31 Navios negreiros portugueses.

nos finais do século XVIII, quando o tráfico negreiro já não se caracterizava como um futuro rentável, o comércio desses produtos (marfim, ouro, malagueta, madeira para fins diversos, peles, azeite de dendê, goma, tecidos) manteve as negociações entre África e Europa.

A experiência de portugueses e espanhóis era anterior à instituição da escravidão na América Latina por pelo menos um século. A experiência dessas duas potências é, inclusive, maior que a experiência dos franceses e ingleses. O Brasil foi o maior importador de escravos africanos: “Ao longo de todo o período de tráfico negreiro, este país recebeu cerca de 38% do efetivo total de africanos introduzidos no Novo Mundo” (KNIGHT; TALIB; CURTIN, 2010, p. 890).
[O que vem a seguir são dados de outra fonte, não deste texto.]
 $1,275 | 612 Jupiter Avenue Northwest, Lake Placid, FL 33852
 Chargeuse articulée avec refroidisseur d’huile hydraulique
Vários autores, a exemplo de Silva (2005), afirmam que as principais etnias africanas que vieram para o Brasil, na época de sua colonização, foram os grupos sudaneses e bantus. (1) Os sudaneses vindos da África Ocidental (hoje Nigéria, Benin e Togo), se concentraram nas regiões da Bahia e Pernambuco, por volta do século XVII até o XIX. Os grupos étnicos que formavam essa região eram, basicamente, os iorubás ou nagôs e jêjes (ewe ou fon). Por sua vez, os nagôs eram subdivididos em ketu, ijexá, egbá, entre outros. Os hausás, tapas, peuls, fulas e mandingas também faziam parte do grupo dos sudaneses. Estes eram nações islamizadas. Concentraram-se na região açucareira da Bahia e de Pernambuco, por volta do século XVII até meados do século XIX; (2) os bantus, vindos das regiões, onde hoje se localizam o Congo, Angola e Moçambique, se instalaram por quase todo o litoral brasileiro, Minas Gerais e Goiás, em fins do século XVI até o XIX, eram formados por angolas, caçanjes, bengalas, entre outros. De acordo com Silva (2005), foram os bantus quem mais influenciaram a cultura brasileira. Influenciaram na música, na língua, na culinária etc.